■ Recorded information
[Start of section]

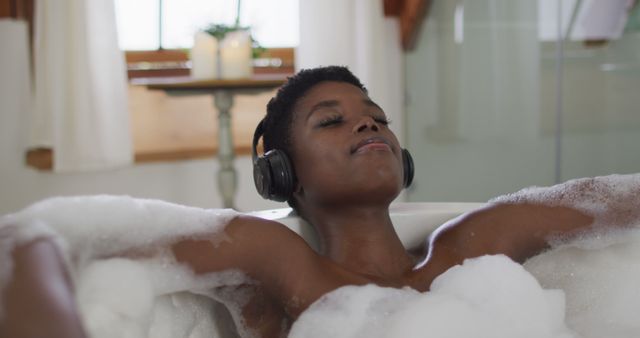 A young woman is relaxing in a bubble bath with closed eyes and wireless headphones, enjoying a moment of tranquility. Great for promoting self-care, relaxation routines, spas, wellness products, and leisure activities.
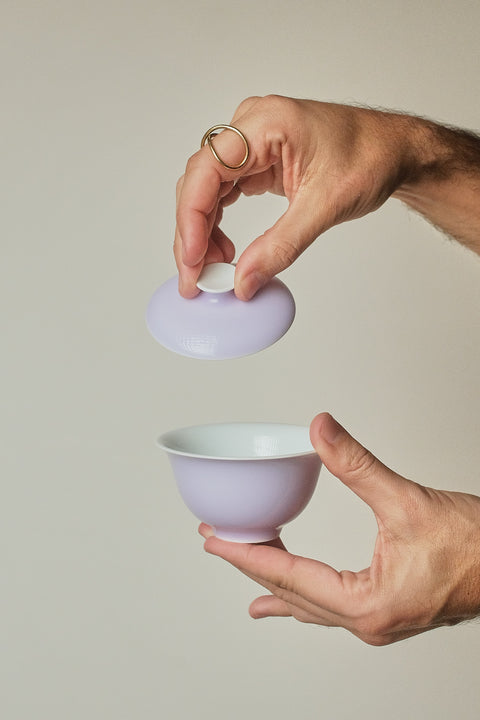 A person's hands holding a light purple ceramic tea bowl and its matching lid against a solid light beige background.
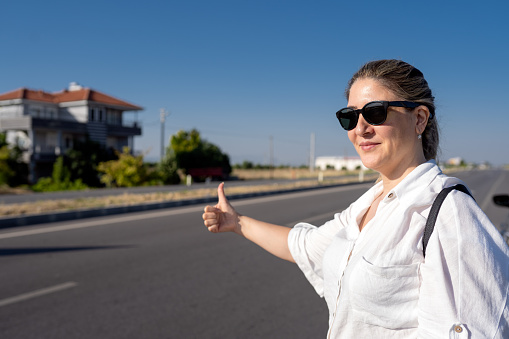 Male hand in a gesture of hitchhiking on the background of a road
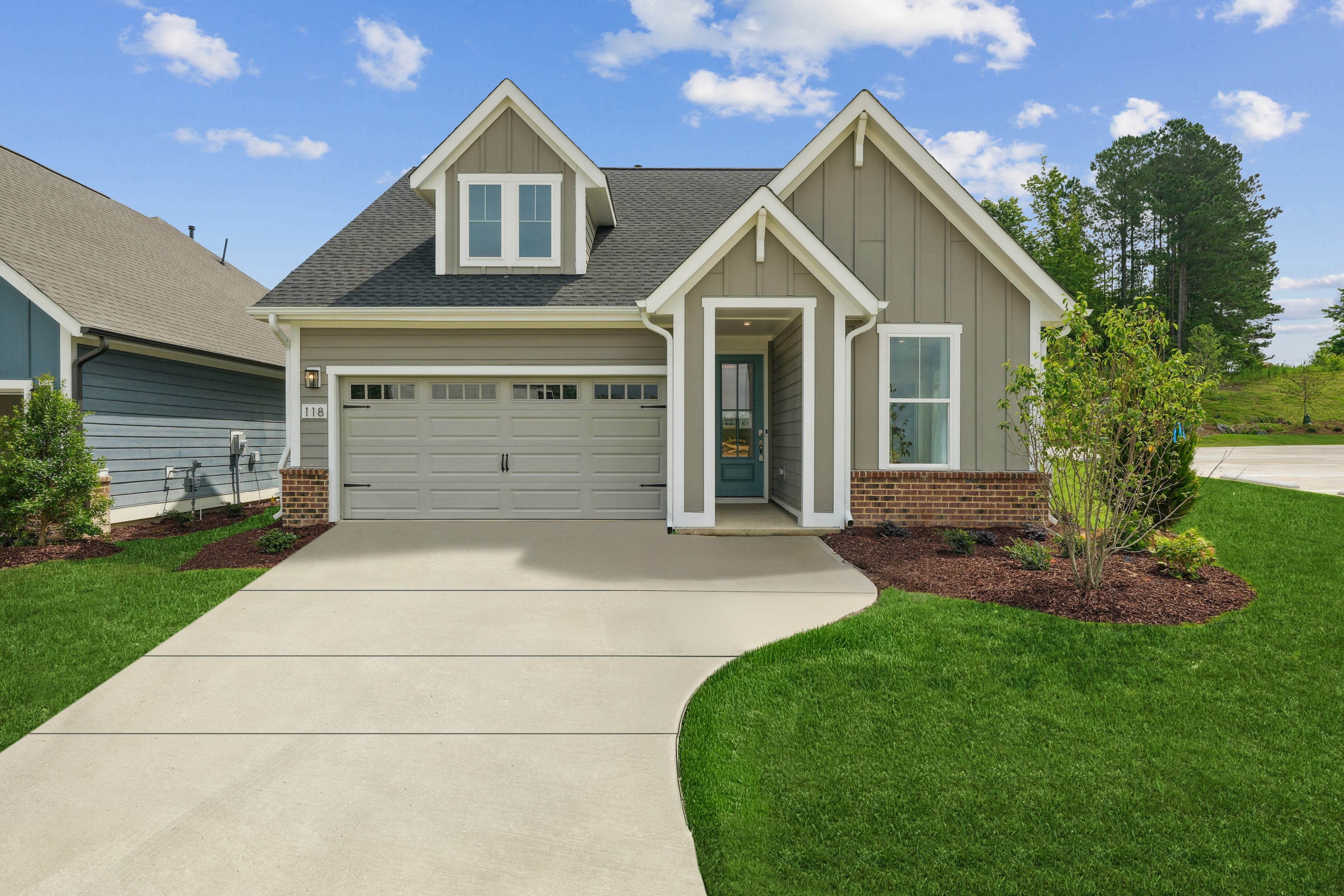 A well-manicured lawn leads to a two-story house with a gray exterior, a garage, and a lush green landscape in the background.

[End of section]
[Start of section]

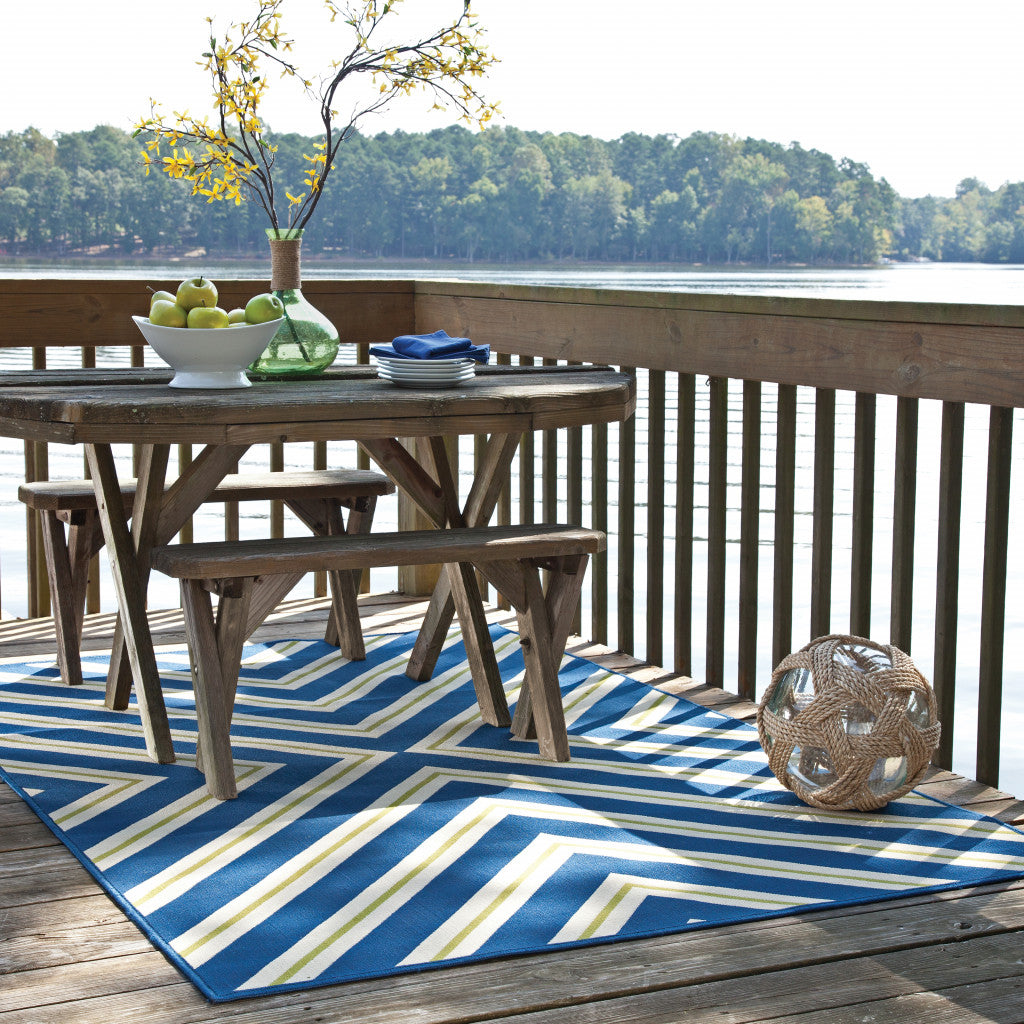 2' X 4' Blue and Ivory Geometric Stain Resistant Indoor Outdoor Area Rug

[End of section]

Only the lines starting at the one with "A young woman" and ending at the one with "A well-manicured lawn" should be printed, each exactly as it appears in the material above; the pictures are to be omitted.

■ Written reply
 A young woman is relaxing in a bubble bath with closed eyes and wireless headphones, enjoying a moment of tranquility. Great for promoting self-care, relaxation routines, spas, wellness products, and leisure activities.
 A person's hands holding a light purple ceramic tea bowl and its matching lid against a solid light beige background.
 Male hand in a gesture of hitchhiking on the background of a road
 A well-manicured lawn leads to a two-story house with a gray exterior, a garage, and a lush green landscape in the background.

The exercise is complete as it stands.